ARTIFISIAL atau artificial arti bahasanya buatan, palsu, bukan sebenarnya. Mirip dengan yang asli. Jangan jadikan yang artifisial menjadi asli dan yang asli menjadi artifisial.
Dunia modern saat ini menginginkan segalanya serba instan, cepat tanpa ruwet. Para pebisnis pun menangkap hal itu dengan menyediakan yang artifisial, produk buatan yang mirip dengan aslinya.
Misalnya, mie instan. Begitu banyak merek mie instan dengan berbagai varian rasa. Nilai persaingannya satu: menawarkan rasa artifisial yang sangat mirip aslinya.
Ada mie instan rasa soto, rasa rendang, rasa kari, rasa ayam, rasa bakso, dan lainnya. Siapa yang bisa menyuguhkan rasa yang lebih mirip aslinya, dialah yang akan menang.

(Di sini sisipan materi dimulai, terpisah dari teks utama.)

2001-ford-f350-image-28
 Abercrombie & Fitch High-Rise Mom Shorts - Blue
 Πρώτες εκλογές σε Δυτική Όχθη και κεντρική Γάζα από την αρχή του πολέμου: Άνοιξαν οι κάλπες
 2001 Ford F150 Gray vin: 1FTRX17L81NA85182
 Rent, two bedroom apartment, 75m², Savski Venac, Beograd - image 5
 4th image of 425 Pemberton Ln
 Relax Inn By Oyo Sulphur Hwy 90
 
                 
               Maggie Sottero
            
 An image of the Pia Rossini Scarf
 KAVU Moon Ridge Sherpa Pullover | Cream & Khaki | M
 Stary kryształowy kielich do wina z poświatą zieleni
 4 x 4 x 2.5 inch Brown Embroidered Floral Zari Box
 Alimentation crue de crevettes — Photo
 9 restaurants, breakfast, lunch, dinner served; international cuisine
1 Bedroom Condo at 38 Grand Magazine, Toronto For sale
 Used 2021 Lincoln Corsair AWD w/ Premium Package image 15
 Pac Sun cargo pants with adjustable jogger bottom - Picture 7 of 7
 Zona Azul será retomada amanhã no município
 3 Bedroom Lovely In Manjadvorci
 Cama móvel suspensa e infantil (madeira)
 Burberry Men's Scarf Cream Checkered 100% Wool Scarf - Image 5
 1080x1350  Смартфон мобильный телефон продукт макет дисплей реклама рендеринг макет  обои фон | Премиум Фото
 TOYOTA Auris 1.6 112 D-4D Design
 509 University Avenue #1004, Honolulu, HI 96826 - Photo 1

Jadi, jangan bayangkan kalau di pabrik mie instan itu ada olahan aneka soto, rendang, ayam, bakso, dan lainnya. Karena mereka hanya memproduksi rasa miripnya. Yang mirip tentu tidak akan pernah asli.
Hal yang sama juga berlangsung di dunia olahan minuman. Ada rasa jeruk, rasa apel, dan rasa-rasa lainnya. Dan jangan bayangkan kalau di pabrik itu banyak jeruk yang diolah sebagai bahan minuman itu.
Artifisial juga masuk dalam dunia penampilan diri. Mulai dari aneka bedak, lipstik, cream pemutih, dan lainnya.
Disebut artifisial karena tidak terjadi sesungguhnya. Karena itulah iklan produknya selalu menyebut, ‘Anda akan terlihat cantik.’ Atau, ‘Anda akan tampak putih.’ Dan lainnya. Jadi, efeknya juga artifisial: terlihat cantik dan tampak putih. Bukan cantik dan putih sesungguhnya.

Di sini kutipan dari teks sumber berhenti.